January 14, 2010

Linux Security Tip-of-the-day: Limit physical access

This should be standard knowledge for all, but some people are still unaware so I will cover it now. 

If you have ever had to change a password or recover a boot-loader on a Linux based system, then you know how easy it is to reset the root password and change system settings from an external operating system or recovery disk. This functionality an be useful but if you can do it, then so can those who wish to compromise your system, so we must put some steps in place to stop the intruders from getting that far.

Here are some recommendations for physically securing you system, you do not have to follow all steps and you must first asses you needs to determine which will fit your needs.

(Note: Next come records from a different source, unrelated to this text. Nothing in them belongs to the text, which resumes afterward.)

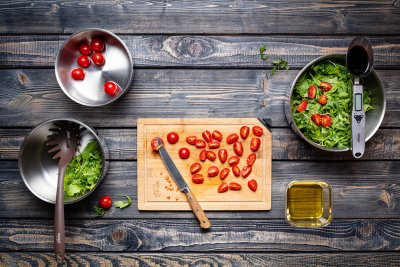 Nakrájená cherry rajčata na prkénku, vedle hrnec s rukolou.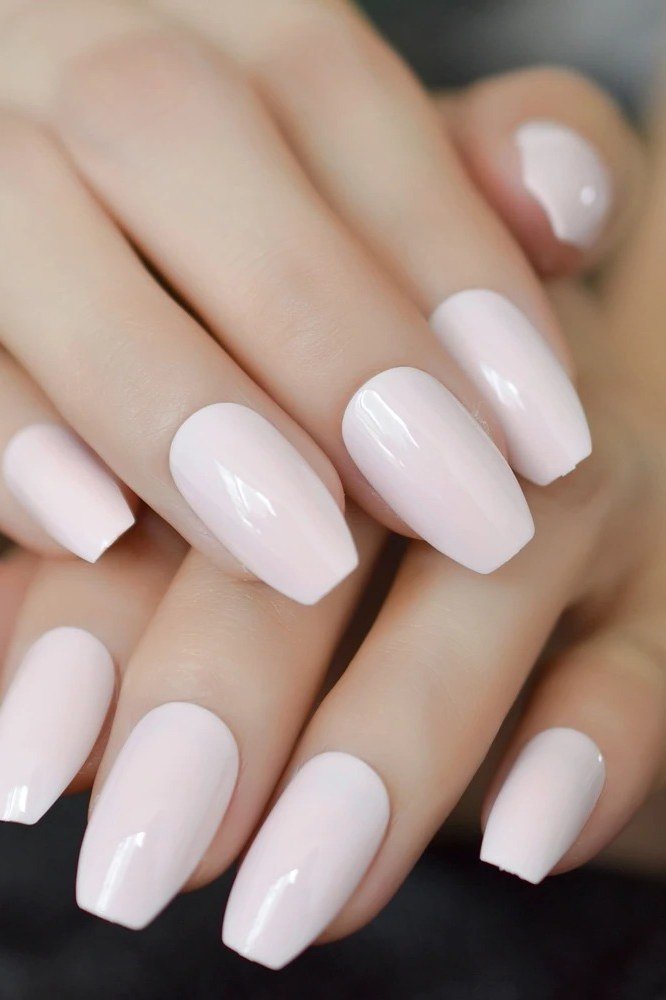 Milky white almond nails, sophisticated nail design for women over 50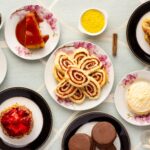 variety of baked and dessert foods on plates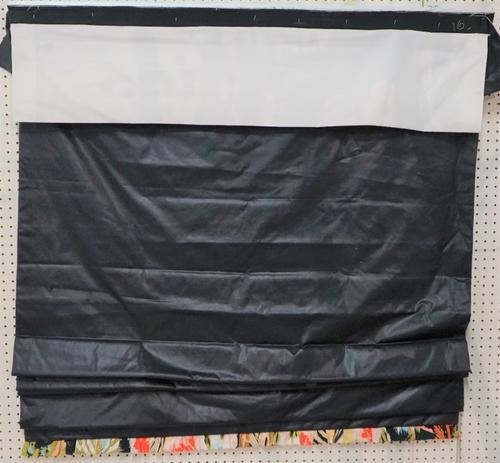 A Roman blind in dark blue with a colourful lower border, 125cm wide x 200cm long.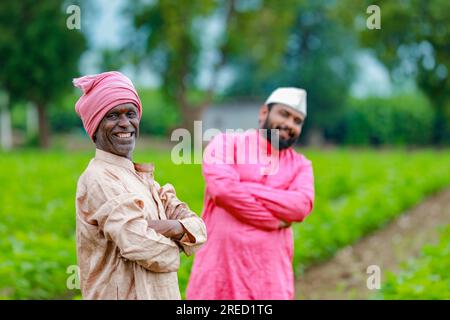 Indian farming, two farmer standing in farm , happy farmer , farmer and worker Stock Photo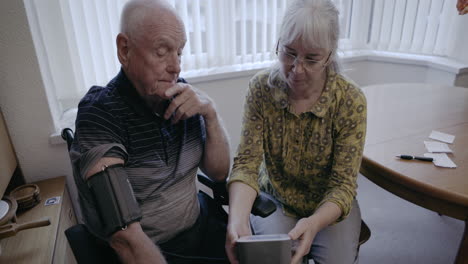 elderly couple using blood pressure monitor at home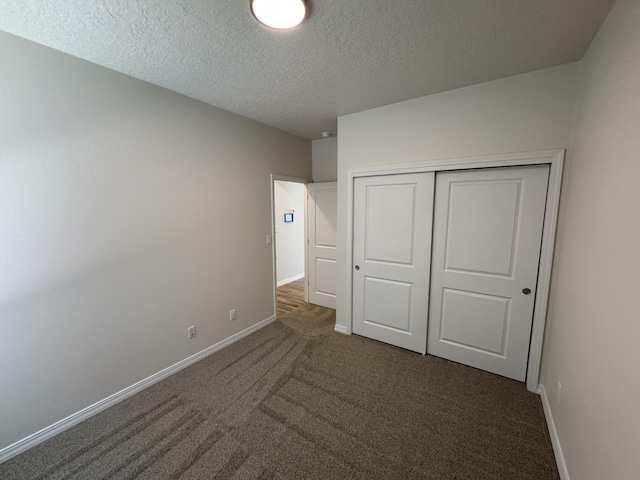 unfurnished bedroom with a textured ceiling, a closet, carpet, and baseboards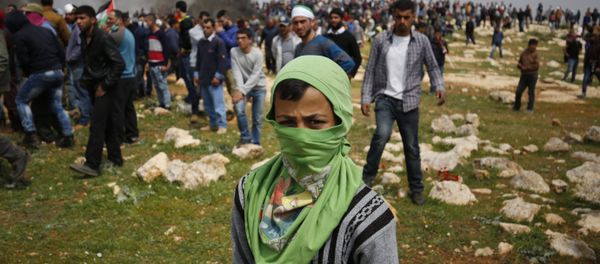 A young Palestinian protestor poses for a photo during clashes with Israeli security forces following a demonstration against Jewish settlements in village of al-Mughayyir, near the West Bank city of Ramallah, on March 24, 2017 - Sputnik International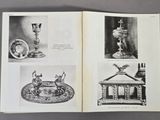 an open book with pictures of antique items on a table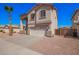 Beautiful house with a two-car garage, desert landscaping and an inviting front entrance at 17258 W Meghan Dr, Goodyear, AZ 85338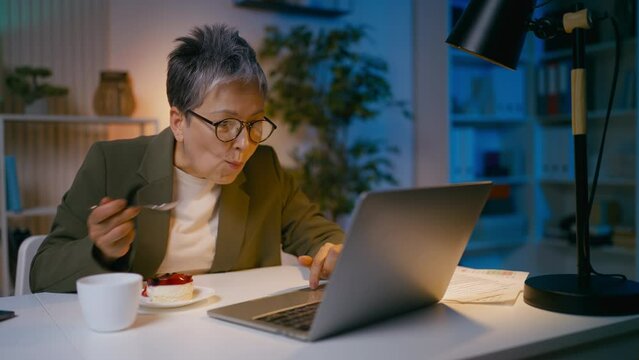 Mature businesswoman works till late night on laptop, eats cake, unbalanced diet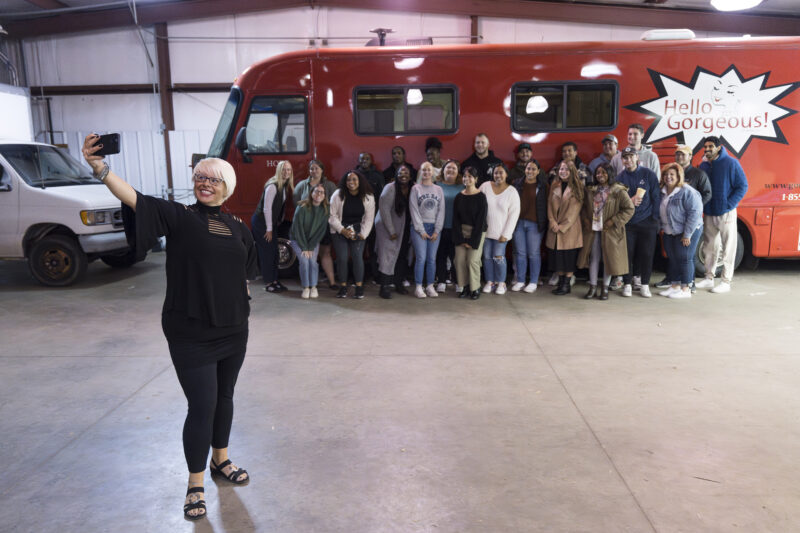 a woman with short platinum blond hair snaps a selfie of herself with a large group of students standing in front of a large red bus with a sign that reads "Hello Gorgeous!"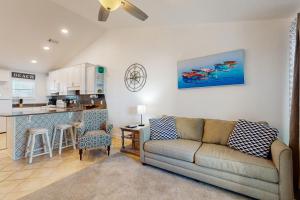 a living room with a couch and a kitchen at Baywatch F9 in Pensacola Beach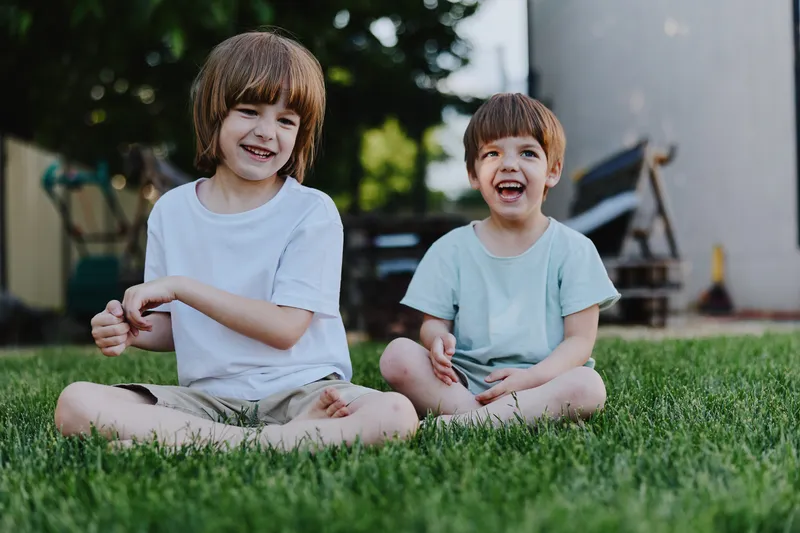 Joyful children playing together on a sunny day, laughing and enjoying time outdoors in a green garden with vibrant grass and warm sunlight.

  1. Limit access to the rooms that house you systems. For home PCs it's not quite as important but it is always recommended if you wish to truly secure the information. You can do this through locks, cameras, guards, key-cards and biometrics locking devices.
  2. Lock the cases in place. Theft of computer data is not restricted to network based attacks, if an intruder can get to your computer system then they can very easily grab the entire computer and take it with them for later use.
  3. Secure the cases that hold your components. Intruders may not have the time to log into your system and review the data so in a pinch they can take out the hard-drives and walk away with the data for later use, locking the cases adds another level of difficulty to their attempts to get your data.
  4. Modify the BIOS settings. Disable the ability to boot from any medium except for the hard drives then add a password to your BIOS. This will prevent booting from an external medium and stop intruders from easily changing passwords or other system settings. The password is to lock out other users from modifying the boot device settings and introducing a weakness to your systems.
  5. Add a password to your boot-loader. Adding a password to the boot-loader entries will ensure that unauthorized users will be unable to boot into the operating systems that you wish to protect; it is also advisable to change the rights of the boot-loader configuration file to restrict all users from seeing the contents except for the root user.

As I stated before these are best practice steps and you should asses the needs for each system to determine if all steps are truly necessary before doing a full implementation.